# Any Info on a Heddon Expert 125 bamboo fly rod



## WillieT (Aug 25, 2010)

I think I found a heck of a deal at an extate sale today. It is a vintage Heddon split bamboo fly rod, model Expert 125, 9 1/2 ft. I'm not a fly fisherman and don't know much about it. I was told this rod has never been used and I tend to believe it. The cello wrap on the cork grip is still new looking. It came in the original cloth sleeve and aluminum tube.

Research showed that these rods were made only for Sears Roebuck many years ago. Found some info on 9 ft. rods, but nothing at all on 9 1/2 ft rods. Does anyone know anything about these rods. Any info and thoughts on value will be appreciated.


----------



## BlueHeron (Dec 20, 2011)

http://en.allexperts.com/q/Fishing-1634/2009/3/Heddon-Expert-125.htm

Maybe some info you did not come across. Curious to see a pic of the rod and reel.


----------



## WillieT (Aug 25, 2010)

BlueHeron said:


> http://en.allexperts.com/q/Fishing-1634/2009/3/Heddon-Expert-125.htm
> 
> Maybe some info you did not come across. Curious to see a pic of the rod and reel.

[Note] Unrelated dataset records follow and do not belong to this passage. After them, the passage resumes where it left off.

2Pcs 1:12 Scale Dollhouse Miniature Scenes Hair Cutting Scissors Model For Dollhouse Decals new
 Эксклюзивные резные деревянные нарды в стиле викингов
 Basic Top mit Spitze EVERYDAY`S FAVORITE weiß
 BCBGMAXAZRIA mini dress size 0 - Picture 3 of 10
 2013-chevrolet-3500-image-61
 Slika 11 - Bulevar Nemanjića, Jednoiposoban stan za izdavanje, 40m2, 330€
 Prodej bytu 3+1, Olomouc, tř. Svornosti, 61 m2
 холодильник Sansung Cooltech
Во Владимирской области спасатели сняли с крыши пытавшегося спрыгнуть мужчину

Great information. Thanks. Mine appears to have never been used, but I didn't realize there were two tips for the rod, as there is only 3 pieces to the rod, evidently one of the tips has been lost. I was surprised when it said the longer rods were generally not as valuable. I would have thought it would have been the other way around, but it is good to know. There was no reel with the rod. If I can figure out how to post pics I will put some on. Thanks again.


----------